Ingredients:

  • 2 lbs mixed mushrooms (cremini, shiitake, oyster, button), sliced
  • 1 medium yellow onion, diced
  • 4 cloves garlic, minced
  • 4 cups vegetable broth (low sodium)
  • 1 cup heavy cream
  • 2 tablespoons olive oil
  • 1 teaspoon dried thyme
  • 1/2 teaspoon salt (or to taste)
  • 1/4 teaspoon black pepper (or to taste)
  • 2 tablespoons unsalted butter
  • 2 tablespoons all-purpose flour
  • 1/4 cup dry sherry or white wine (optional)
  • Fresh parsley, chopped (for garnish)

Instructions:

  1. In a large skillet, heat olive oil over medium heat. Add onion and sauté until softened, about 5 minutes. Add garlic and cook for another minute until fragrant.

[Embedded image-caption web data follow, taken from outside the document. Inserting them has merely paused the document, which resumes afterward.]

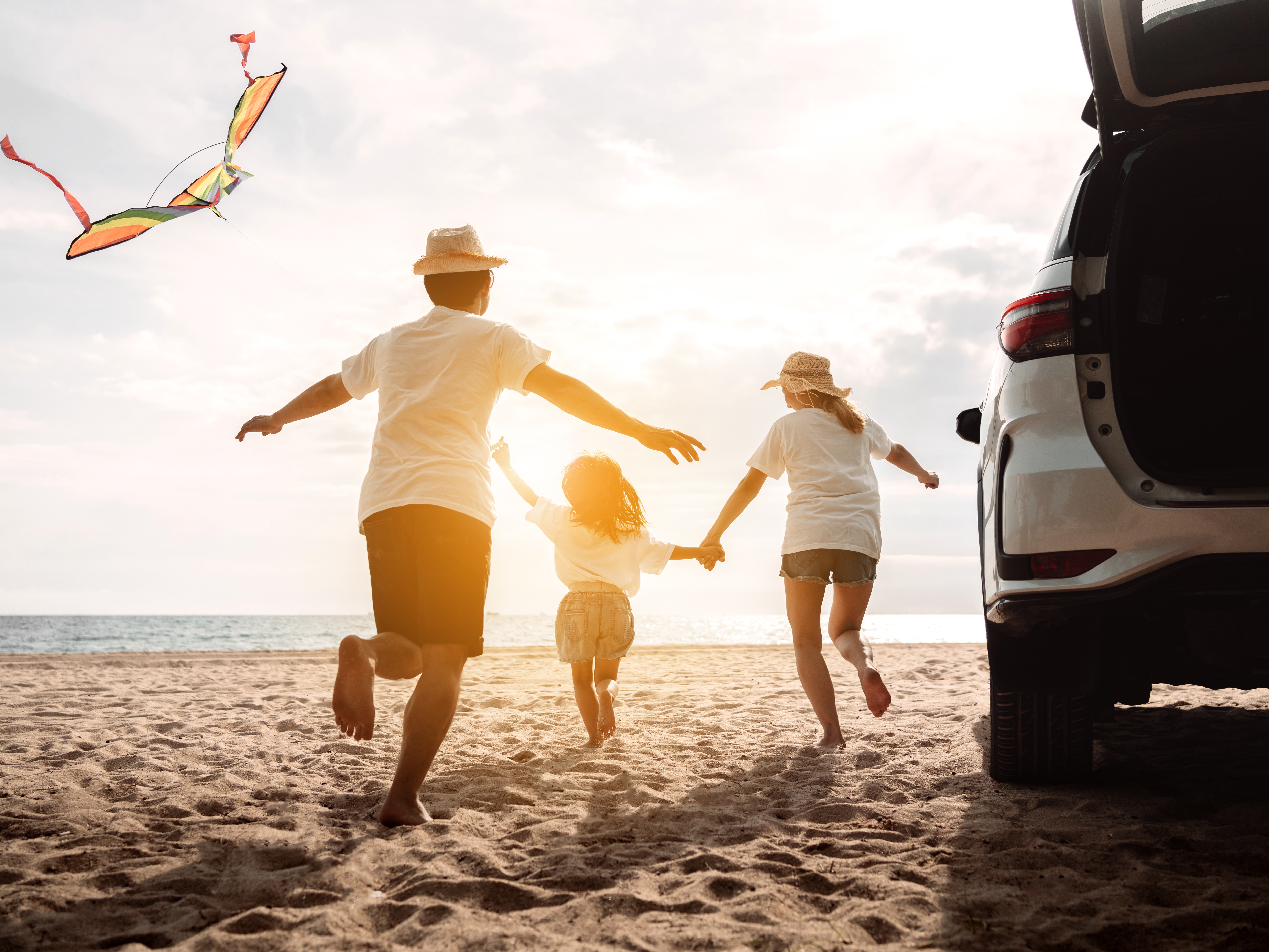 Happy Family with car travel road trip summer vacation in car in the sunset Dad mom and daughter happy traveling enjoy together driving in holidays people lifestyle ride by automobile - Nők Lapja Háromtagú család egy autó mellől a tenger felé szalad a homokos parton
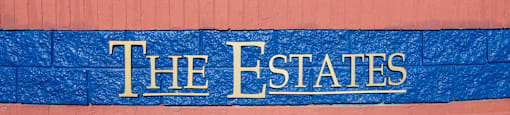 A wall with the words "The Estates" written on it.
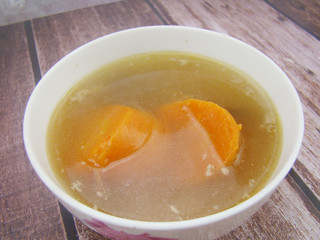 Chinese tableware carrot stew chicken soup on wooden board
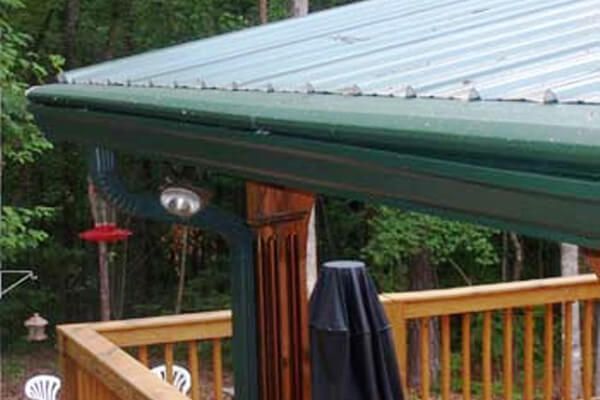 Deck with green roof edge, wooden railing, hanging red feeder, and closed black patio umbrella in a wooded yard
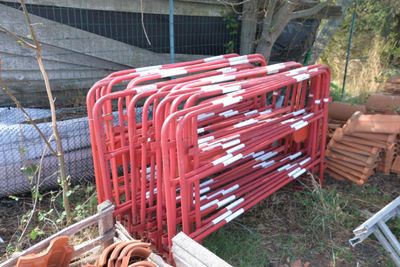 a pile of red metal pipes sitting in the grass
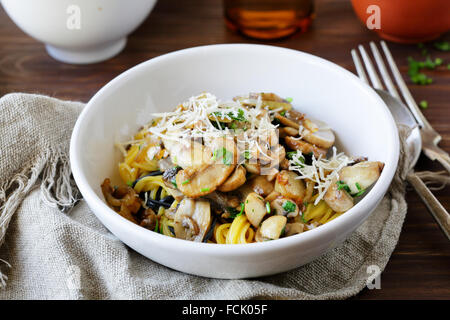pasta with fried mushrooms and cheese in bowl Stock Photo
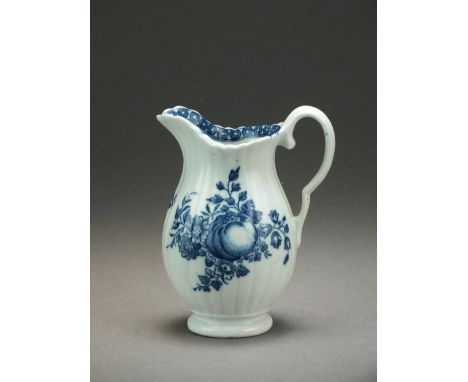 A Caughley milk jug transfer-printed with the Apple and Damson pattern within a cell border, circa 1778-85, S mark, 9.8cm hig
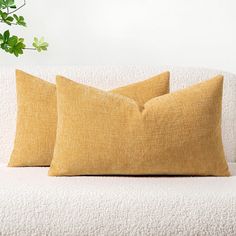 two yellow pillows sitting on top of a white couch next to a potted plant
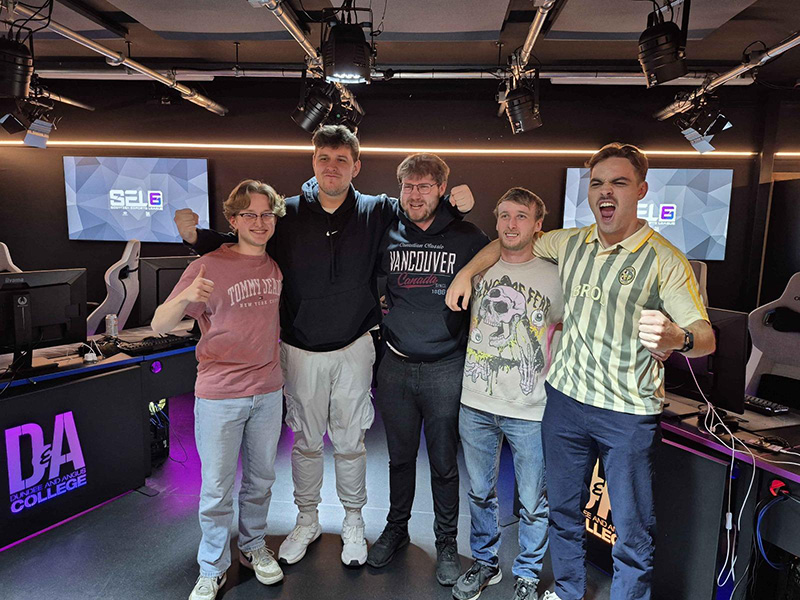 Five individuals celebrating in a gaming room, posing in front of computer stations with raised fists and thumbs up gestures.)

  2. Add mushrooms to the skillet and cook until they release their moisture and begin to brown, about 8-10 minutes. If using sherry or white wine, add to the skillet and scrape up any browned bits from the bottom (deglaze).

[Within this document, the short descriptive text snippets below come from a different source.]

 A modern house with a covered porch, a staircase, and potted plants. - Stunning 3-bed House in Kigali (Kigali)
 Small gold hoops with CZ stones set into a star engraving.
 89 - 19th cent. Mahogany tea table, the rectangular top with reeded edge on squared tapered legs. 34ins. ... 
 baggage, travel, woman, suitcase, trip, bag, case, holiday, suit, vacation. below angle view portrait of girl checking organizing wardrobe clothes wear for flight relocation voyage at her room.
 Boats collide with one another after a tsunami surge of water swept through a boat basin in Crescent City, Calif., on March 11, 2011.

  3. Transfer the sautéed vegetables to the slow cooker. Add vegetable broth, thyme, salt, and pepper.
  4. Cover and cook on low for 6-8 hours, or on high for 3-4 hours.
  5. About 30 minutes before serving, melt butter in a small saucepan over medium heat. Whisk in flour and cook for 1-2 minutes, stirring constantly, to form a smooth paste (a roux).
  6. Slowly whisk the roux into the hot soup in the slow cooker.
  7. Stir in heavy cream.
  8. Taste and adjust seasoning with salt and pepper as needed.
  9. Ladle into bowls and garnish with fresh parsley. Enjoy your crockpot mushroom soup!